Records shown Block Start

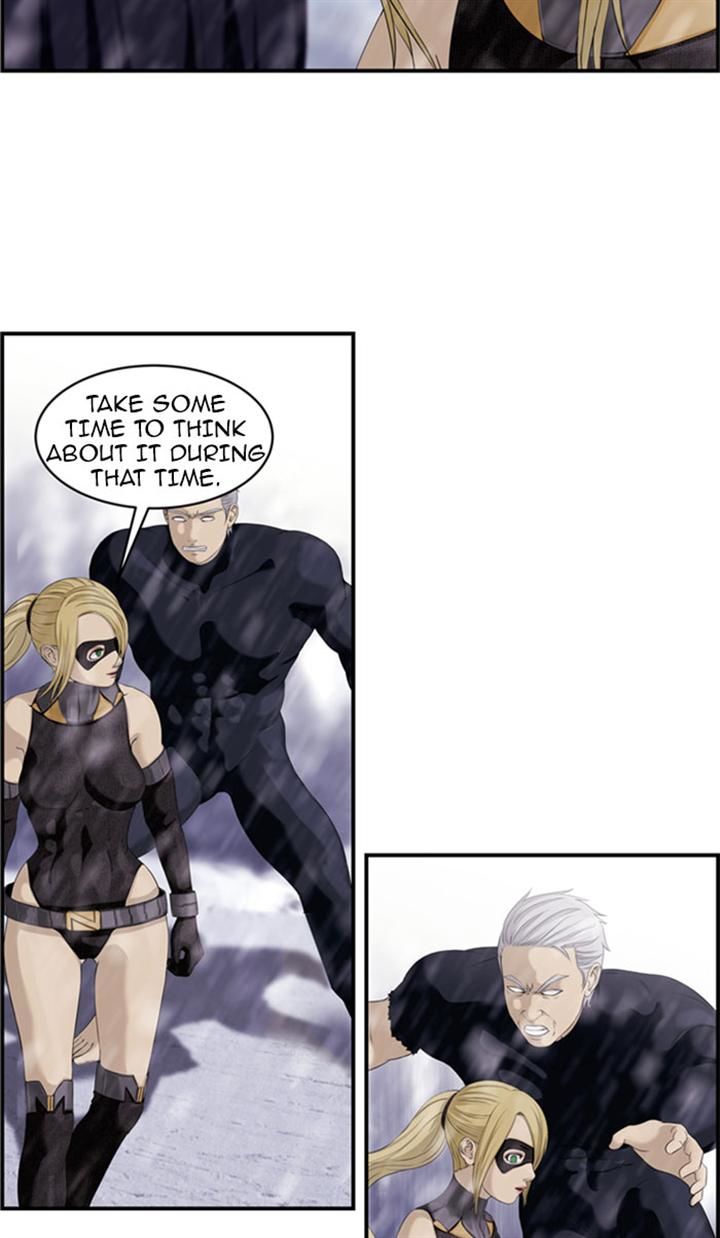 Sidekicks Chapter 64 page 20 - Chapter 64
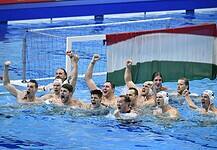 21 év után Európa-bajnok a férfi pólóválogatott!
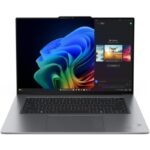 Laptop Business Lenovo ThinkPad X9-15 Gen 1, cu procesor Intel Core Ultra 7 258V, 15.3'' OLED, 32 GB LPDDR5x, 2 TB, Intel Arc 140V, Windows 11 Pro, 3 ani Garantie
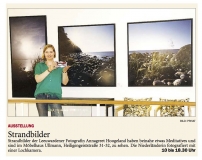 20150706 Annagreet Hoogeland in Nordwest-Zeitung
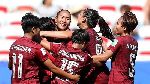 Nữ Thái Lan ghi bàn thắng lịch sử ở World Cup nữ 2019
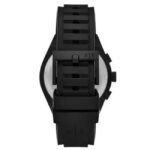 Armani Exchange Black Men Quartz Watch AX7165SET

Records shown Block End

== Exercise instructions ==
For each record above, write it out exactly and omit any picture.

== Completed exercise ==
 Sidekicks Chapter 64 page 20 - Chapter 64
 21 év után Európa-bajnok a férfi pólóválogatott!
 Laptop Business Lenovo ThinkPad X9-15 Gen 1, cu procesor Intel Core Ultra 7 258V, 15.3'' OLED, 32 GB LPDDR5x, 2 TB, Intel Arc 140V, Windows 11 Pro, 3 ani Garantie
 20150706 Annagreet Hoogeland in Nordwest-Zeitung
 Nữ Thái Lan ghi bàn thắng lịch sử ở World Cup nữ 2019
 Armani Exchange Black Men Quartz Watch AX7165SET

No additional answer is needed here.